- _WORK TASK_: The first line to keep is the one containing "Camiseta Hockey Los"; restate it and all lines after it through the end of the material, word for word and nothing else.

- _INPUT RECORDS_:
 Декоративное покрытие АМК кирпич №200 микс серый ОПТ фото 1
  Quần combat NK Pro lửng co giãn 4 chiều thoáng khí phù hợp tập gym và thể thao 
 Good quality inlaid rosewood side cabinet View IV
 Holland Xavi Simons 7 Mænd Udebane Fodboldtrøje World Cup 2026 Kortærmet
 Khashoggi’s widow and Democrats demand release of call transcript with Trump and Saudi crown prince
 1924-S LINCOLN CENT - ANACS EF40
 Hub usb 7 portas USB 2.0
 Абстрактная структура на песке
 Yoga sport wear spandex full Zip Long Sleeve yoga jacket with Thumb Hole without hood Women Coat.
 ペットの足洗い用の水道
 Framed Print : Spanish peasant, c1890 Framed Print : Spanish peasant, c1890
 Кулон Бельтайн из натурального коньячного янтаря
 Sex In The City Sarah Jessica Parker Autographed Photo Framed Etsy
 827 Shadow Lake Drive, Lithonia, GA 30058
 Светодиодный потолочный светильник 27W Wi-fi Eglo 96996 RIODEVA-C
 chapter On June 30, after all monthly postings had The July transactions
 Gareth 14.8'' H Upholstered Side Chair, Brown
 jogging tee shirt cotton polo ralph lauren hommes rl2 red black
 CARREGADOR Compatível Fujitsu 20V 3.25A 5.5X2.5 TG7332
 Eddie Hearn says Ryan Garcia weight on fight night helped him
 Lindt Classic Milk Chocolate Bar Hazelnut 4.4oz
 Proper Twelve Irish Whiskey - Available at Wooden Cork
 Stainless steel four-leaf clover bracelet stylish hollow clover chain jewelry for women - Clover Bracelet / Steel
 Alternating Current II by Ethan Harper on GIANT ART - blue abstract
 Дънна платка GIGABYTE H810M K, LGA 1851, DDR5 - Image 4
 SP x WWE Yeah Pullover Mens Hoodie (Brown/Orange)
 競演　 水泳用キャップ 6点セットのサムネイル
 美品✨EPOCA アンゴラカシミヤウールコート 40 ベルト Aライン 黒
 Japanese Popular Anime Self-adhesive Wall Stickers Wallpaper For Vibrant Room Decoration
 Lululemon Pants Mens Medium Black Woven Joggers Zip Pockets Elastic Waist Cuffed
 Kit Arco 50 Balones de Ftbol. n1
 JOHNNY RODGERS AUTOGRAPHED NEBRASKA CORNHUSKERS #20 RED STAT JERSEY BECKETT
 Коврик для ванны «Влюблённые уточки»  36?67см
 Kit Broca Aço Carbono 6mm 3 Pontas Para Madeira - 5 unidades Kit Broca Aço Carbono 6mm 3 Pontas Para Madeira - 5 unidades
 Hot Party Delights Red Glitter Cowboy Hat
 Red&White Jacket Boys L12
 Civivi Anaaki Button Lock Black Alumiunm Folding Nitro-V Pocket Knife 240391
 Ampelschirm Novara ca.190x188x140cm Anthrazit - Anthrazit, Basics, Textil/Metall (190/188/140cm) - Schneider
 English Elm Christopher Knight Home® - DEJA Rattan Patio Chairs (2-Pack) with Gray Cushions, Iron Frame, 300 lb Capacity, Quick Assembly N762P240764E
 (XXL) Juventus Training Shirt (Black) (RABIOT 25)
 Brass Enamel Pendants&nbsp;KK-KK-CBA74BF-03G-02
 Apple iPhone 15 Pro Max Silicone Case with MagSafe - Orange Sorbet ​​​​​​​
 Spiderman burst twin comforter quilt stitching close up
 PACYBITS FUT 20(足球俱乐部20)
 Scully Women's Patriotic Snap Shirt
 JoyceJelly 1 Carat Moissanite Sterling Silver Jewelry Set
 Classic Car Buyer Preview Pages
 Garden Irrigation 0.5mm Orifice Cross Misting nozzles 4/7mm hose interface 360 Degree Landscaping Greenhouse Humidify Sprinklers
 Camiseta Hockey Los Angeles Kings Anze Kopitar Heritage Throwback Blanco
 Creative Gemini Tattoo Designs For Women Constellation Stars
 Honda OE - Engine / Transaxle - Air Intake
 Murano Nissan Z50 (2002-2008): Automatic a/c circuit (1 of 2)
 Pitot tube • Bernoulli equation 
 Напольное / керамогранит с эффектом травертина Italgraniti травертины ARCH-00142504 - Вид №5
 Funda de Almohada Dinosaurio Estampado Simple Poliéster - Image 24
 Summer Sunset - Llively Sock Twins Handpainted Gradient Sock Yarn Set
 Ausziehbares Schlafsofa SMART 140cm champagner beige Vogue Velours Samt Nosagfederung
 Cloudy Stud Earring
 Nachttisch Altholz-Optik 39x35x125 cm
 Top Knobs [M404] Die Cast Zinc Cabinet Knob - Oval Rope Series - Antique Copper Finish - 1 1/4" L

- _RESPONSE TO THIS TASK_:
 Camiseta Hockey Los Angeles Kings Anze Kopitar Heritage Throwback Blanco
 Creative Gemini Tattoo Designs For Women Constellation Stars
 Honda OE - Engine / Transaxle - Air Intake
 Murano Nissan Z50 (2002-2008): Automatic a/c circuit (1 of 2)
 Pitot tube • Bernoulli equation 
 Напольное / керамогранит с эффектом травертина Italgraniti травертины ARCH-00142504 - Вид №5
 Funda de Almohada Dinosaurio Estampado Simple Poliéster - Image 24
 Summer Sunset - Llively Sock Twins Handpainted Gradient Sock Yarn Set
 Ausziehbares Schlafsofa SMART 140cm champagner beige Vogue Velours Samt Nosagfederung
 Cloudy Stud Earring
 Nachttisch Altholz-Optik 39x35x125 cm
 Top Knobs [M404] Die Cast Zinc Cabinet Knob - Oval Rope Series - Antique Copper Finish - 1 1/4" L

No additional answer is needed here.